Beginning with the line that has "เข็มกลัด ปากกา" and ending with the line that has "Mid 20th Century", retype the entries below exactly, except for the pictures.

::: DATA SUPPLIED

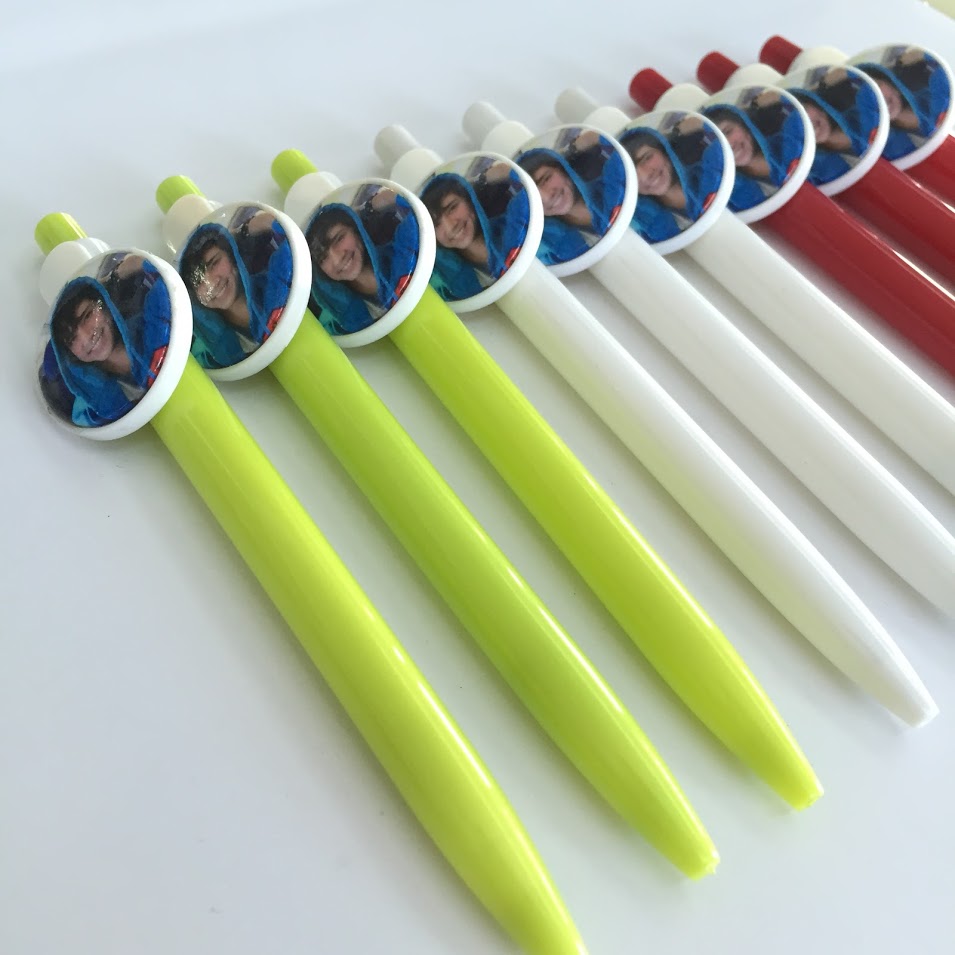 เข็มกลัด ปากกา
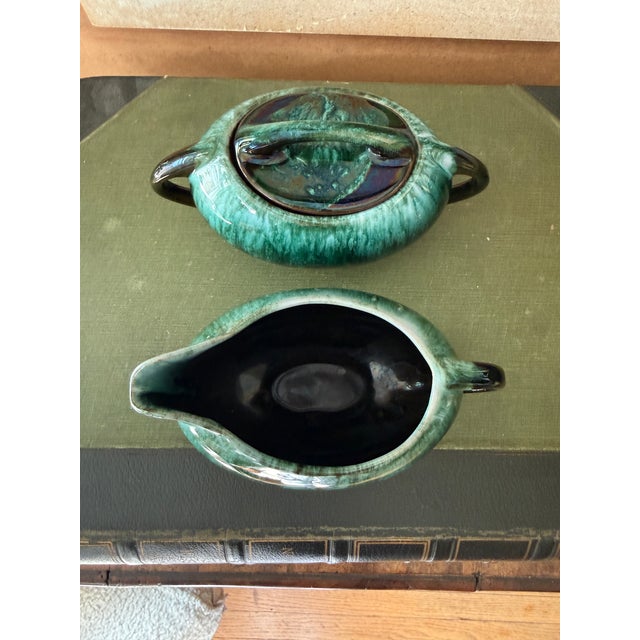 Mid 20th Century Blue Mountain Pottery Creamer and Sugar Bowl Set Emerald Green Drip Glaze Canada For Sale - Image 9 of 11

::::::
::: DATA SUPPLIED

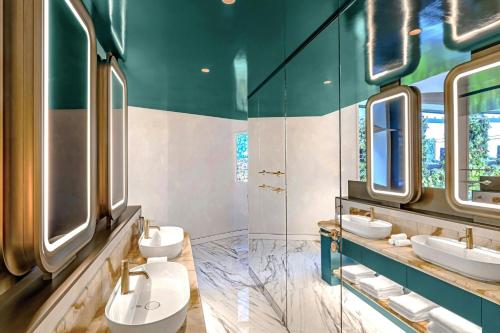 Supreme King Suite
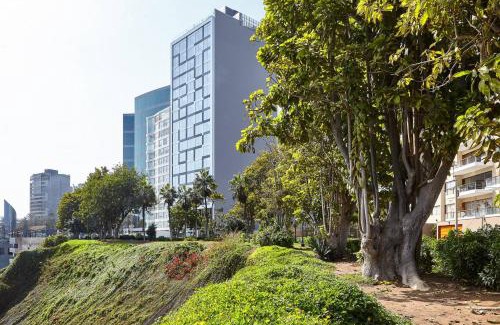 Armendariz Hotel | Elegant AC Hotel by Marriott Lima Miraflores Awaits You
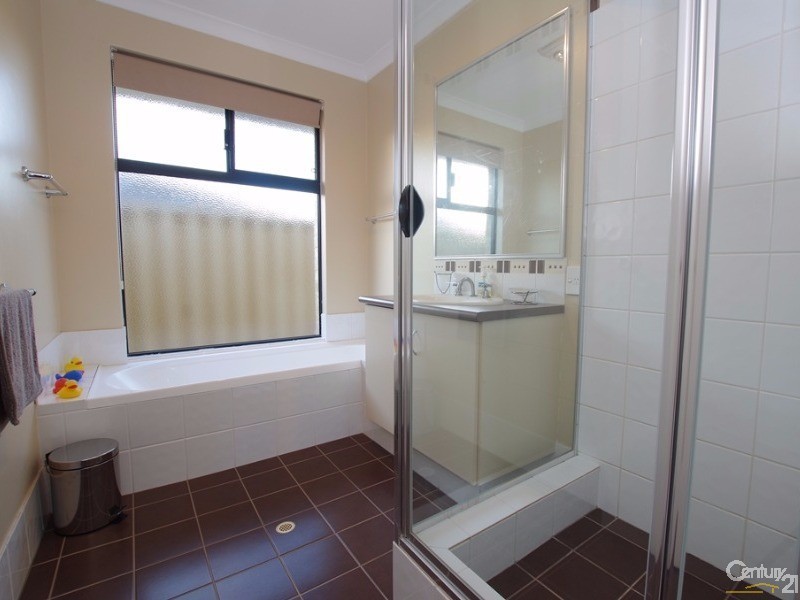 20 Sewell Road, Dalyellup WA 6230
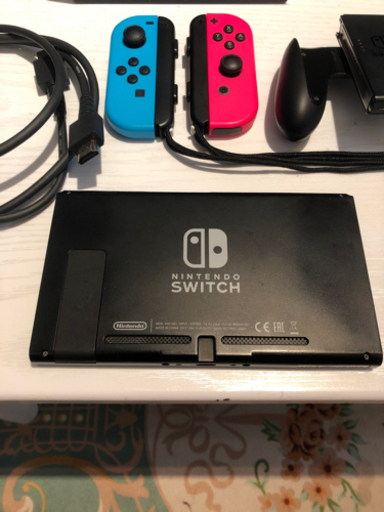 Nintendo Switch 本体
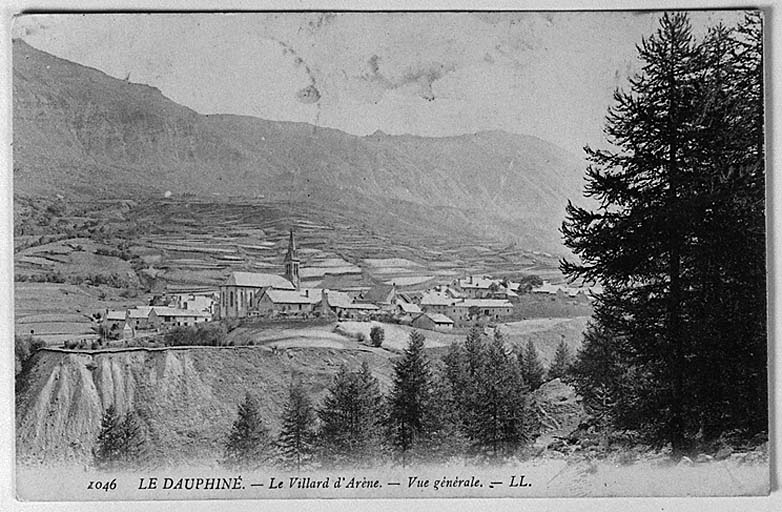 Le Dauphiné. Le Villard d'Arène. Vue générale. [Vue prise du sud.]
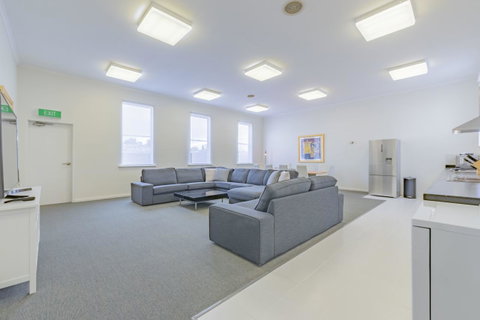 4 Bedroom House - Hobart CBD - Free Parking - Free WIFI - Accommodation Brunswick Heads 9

::::::
::: DATA SUPPLIED

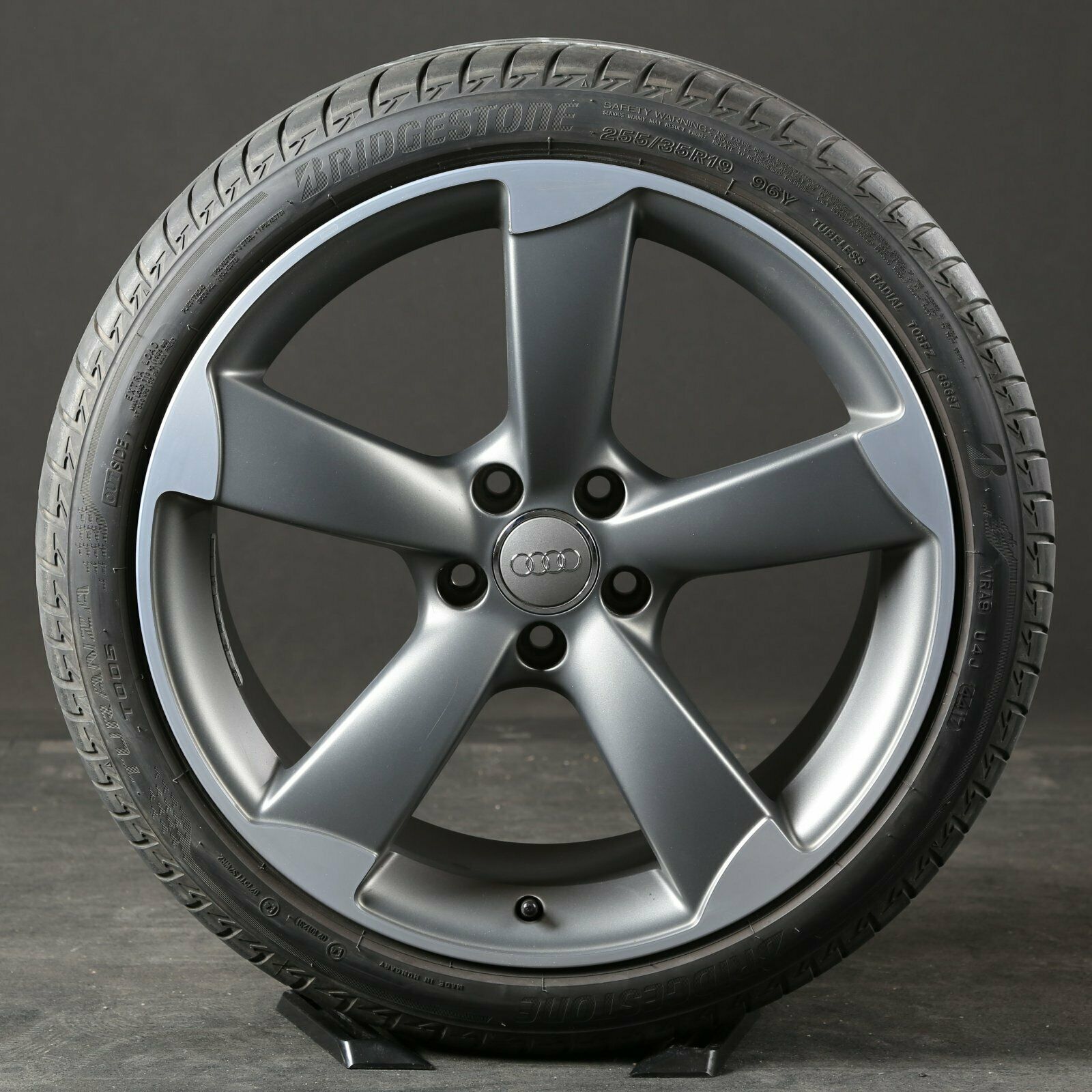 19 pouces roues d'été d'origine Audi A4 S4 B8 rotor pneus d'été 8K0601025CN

::::::

--- RESPONSE TO THE TASK ---
 เข็มกลัด ปากกา
 Mid 20th Century Blue Mountain Pottery Creamer and Sugar Bowl Set Emerald Green Drip Glaze Canada For Sale - Image 9 of 11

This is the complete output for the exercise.